While patrolling, the motorcycle would seamlessly scan license plates and record offenders using real-time video. If a violation is recorded, the drone could automatically issue citations via e-mail, text message or even traditional post.
Existing technology for safer cities
The technology behind these cars already exists. In November, a driverless electric racer completed a successful track test
in Marrakech, Morocco.
The battery-powered prototype was tested for a proposed race series where driverless cars will eventually compete on temporary city circuits.
Bombardier said that technology can also be put to use to create safer cities.
Imaginactive's police drone means human patrol officers can be reallocated to more urgent police business, instead of wasting time issuing traffic tickets.

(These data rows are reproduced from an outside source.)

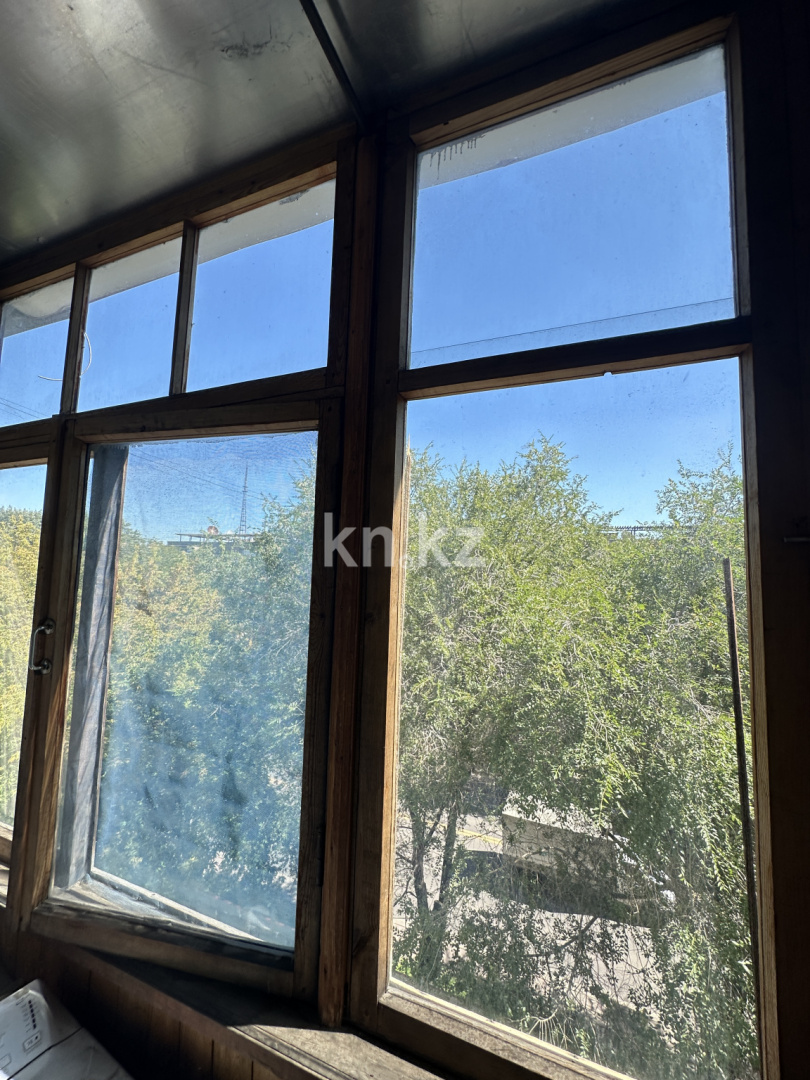 Продажа 2-комнатной квартиры, 45.8 м², ул. Аманжолова, дом  17 в Караганде - фото 22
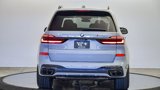 New 2026 BMW X7 M60i image 3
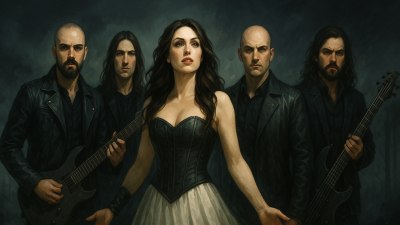Which Within Temptation Song Reflects Your Soul?
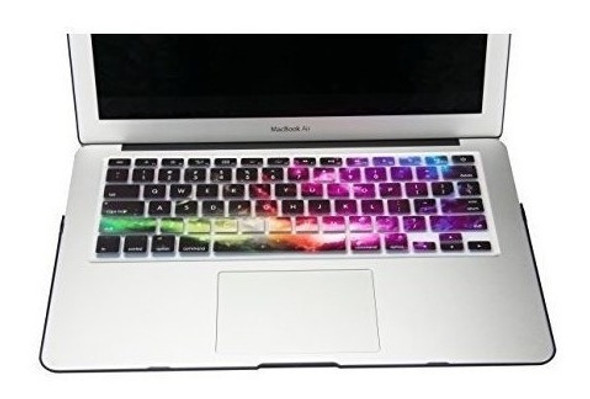 Ymix Teclado Cubierta De Silicona Protector A Prueba De Polv 1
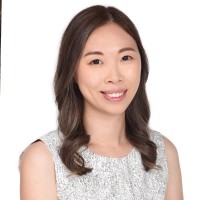 AJob Employee Winnie Cheng's profile photo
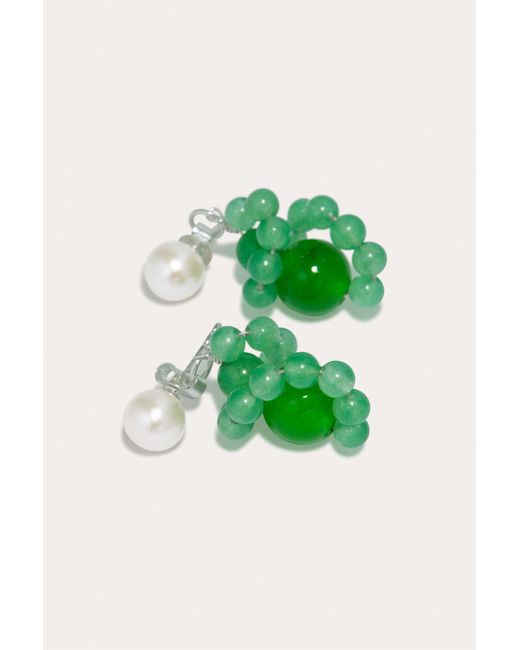 Completedworks Green P213B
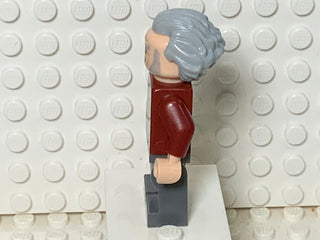 Garrick Ollivander, hp246 Minifigure LEGO®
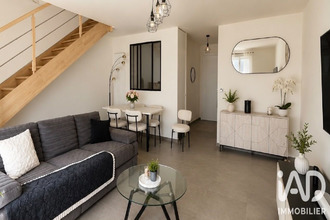 achat maison mtlhery 91310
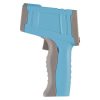 Emos M0503 érintés nélküli digitális, infravörös hőmérő, -50 - 380°C, elemes (9V)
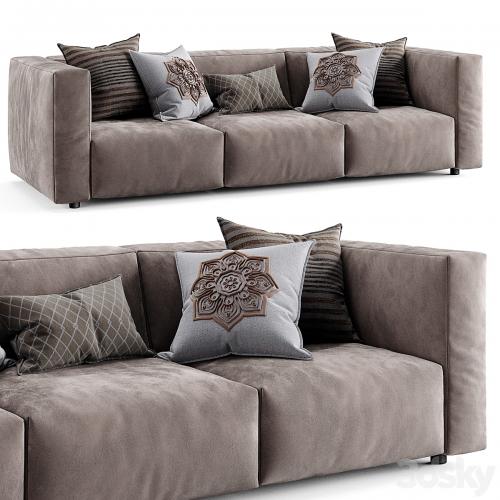 Prostoria Sofa Match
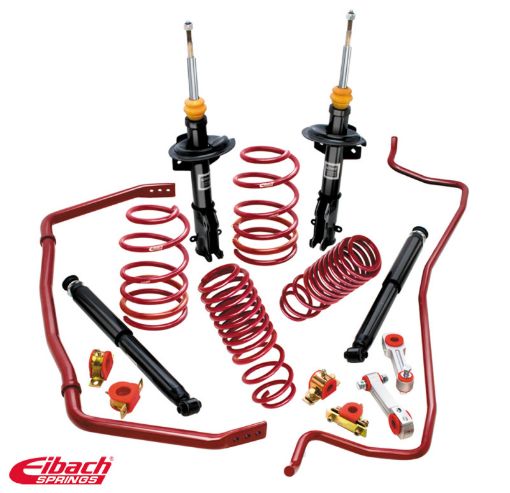 Picture of Eibach Sportline System Plus for 05 - 10 Chrsyler 300 (Exc AWD) 05 - 10 300C (Exc AWD, SRT8 SLEV)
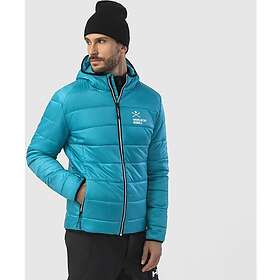 Head Race Kinetic Hooded Jacket (Men's)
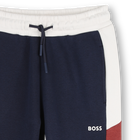 Jogging pants BOSS 
                    BOY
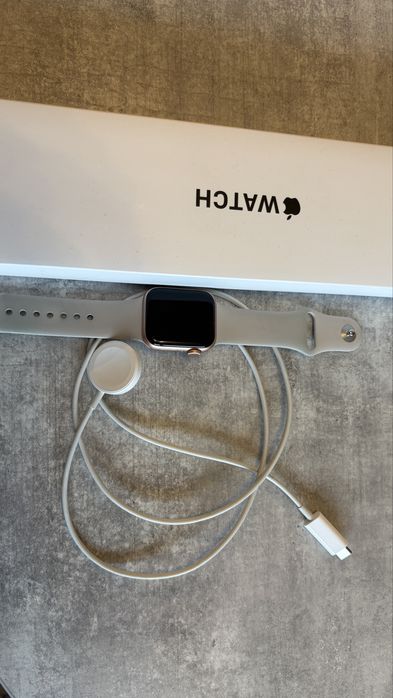 Apple watch SE 40 mm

According to Bombardier, one police officer could supervise five Interceptor units.
"But these police drones would require a big investment. You would need around $5 million, so they would need to be financed by a government organization," Bombardier told CNN.
His next step is to get the attention of a large public organization, and Bombardier often revamps his ideas to keep his concepts relevant.
Brazilian designer Eduardo Arndt
is working with Bombardier to develop a new vision called the Brigade. The Brigade, Ardnt says, is inspired by the geometric simplicity of racing motorbikes from the 1980s.
"To counter the vintage look I was going for, I added more modern details like LED headlights and security cameras across the bicycle," Arndt explains.
An ecological future
But both models do more than look cool. Powered by zero emission fuels like hydrogen, the superbikes are also part of a more ecological future.
"The cities of the future that Imaginactive works for will be less polluted. There will also be less road accidents, as driverless automated vehicles can be equipped with technology that detects technical failures such as oil leaks," said Bombardier.
"I assume most people will like seeing them patrol streets night and day, but this is just simple guess," he told CNN.